Danish government proposes anti-grooming law

Denmark’s government wants to criminalise grooming with provisions for punishments of up to two years in prison.

Danish government proposes anti-grooming law
A file photo pf the Danish parliament at Christiansborg Palace. Photo: Liselotte Sabroe/Ritzau Scanpix

Grooming – cultivating a relationship with a minor with the objective of sexually assaulting them – should be a criminal offence punishable by a prison sentence of up to two years, the government proposes.

The government on Wednesday tabled a bill that will make grooming a crime under Danish law, the Ministry of Justice said in a statement.

A bilateral majority in parliament supports the legislation, according to the ministry.

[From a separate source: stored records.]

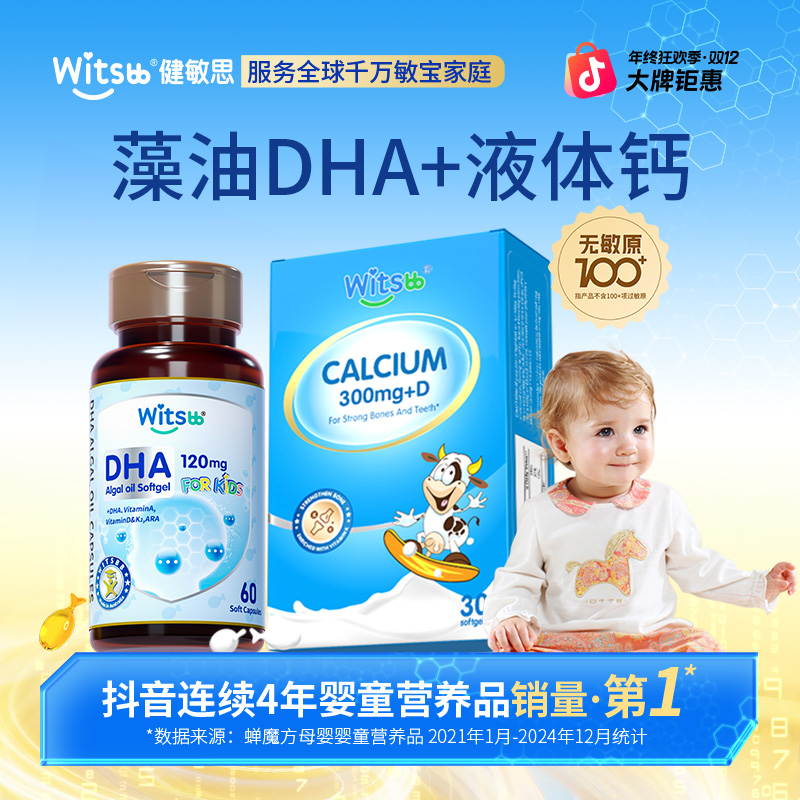 【官旗】witsbb 液体钙 *4+DHA*2 儿童吃钙婴幼儿 高含量敏宝 专研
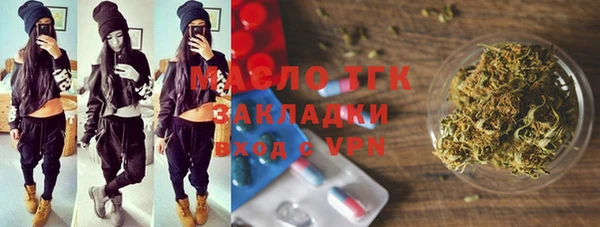 прущая мука Абинск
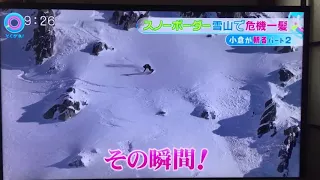 雪崩が後ろから襲ってくる！Run away from the avalanche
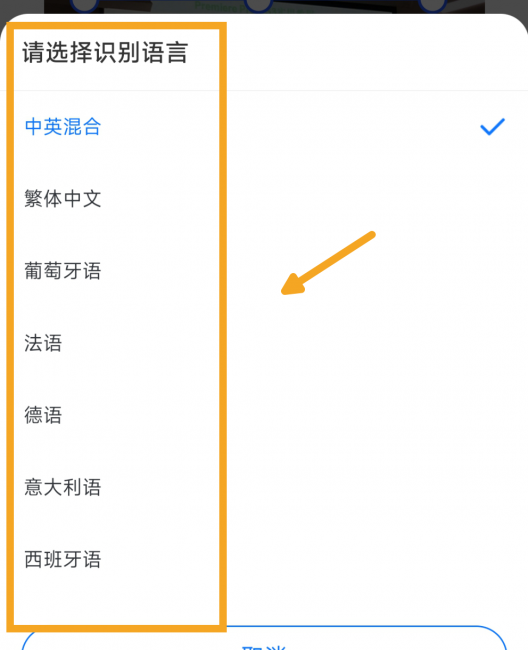 怎么批量识别图片中的文字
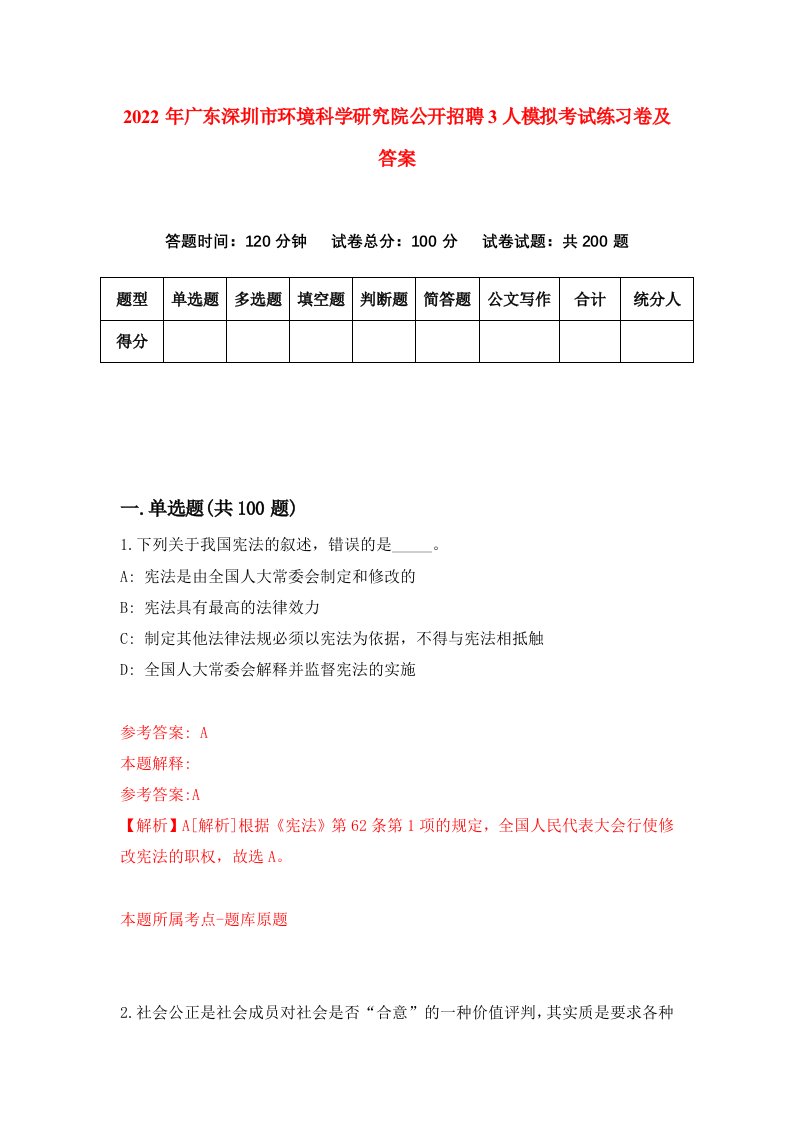 2022年广东深圳市环境科学研究院公开招聘3人模拟考试练习卷及答案第3套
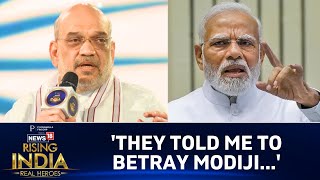 News18 Rising India 2023: Amit Shah Interview On Misuse Of Central Agencies | Congress Vs BJP
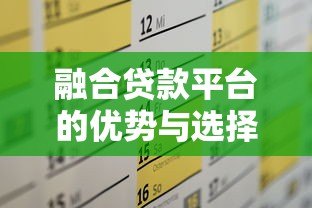 融合贷款平台的优势与选择攻略：一站式解决资金需求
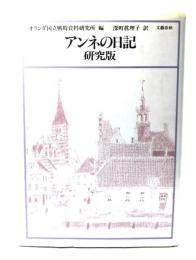 アンネの日記 : 研究版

“By criminalising grooming we are sending an important signal to our children and young people that it is never their fault when they are the victim of a sexual assault,” Justice Minister Peter Hummelgaard said in the statement.

“We must crack down on these digital child predators who move in the virtual communities which our children and youths are part of,” he said.

The bill also proposes stricter rules against extorting someone for sex and tougher punishments for tricking somebody into sex.

The General Secretary of charity Save The Children Denmark, Johanne Schmidt-Nielsen, said the bill “updates the criminal law for digital reality”.

The charity has “fought for years” for the various elements of the bill, Schmidt-Nielsen said in an Instagram post.

The tabling of the bill in parliament means today is a “fantastic day for all children”, she also wrote, noting that it means “far more attackers can be convicted with the new law”.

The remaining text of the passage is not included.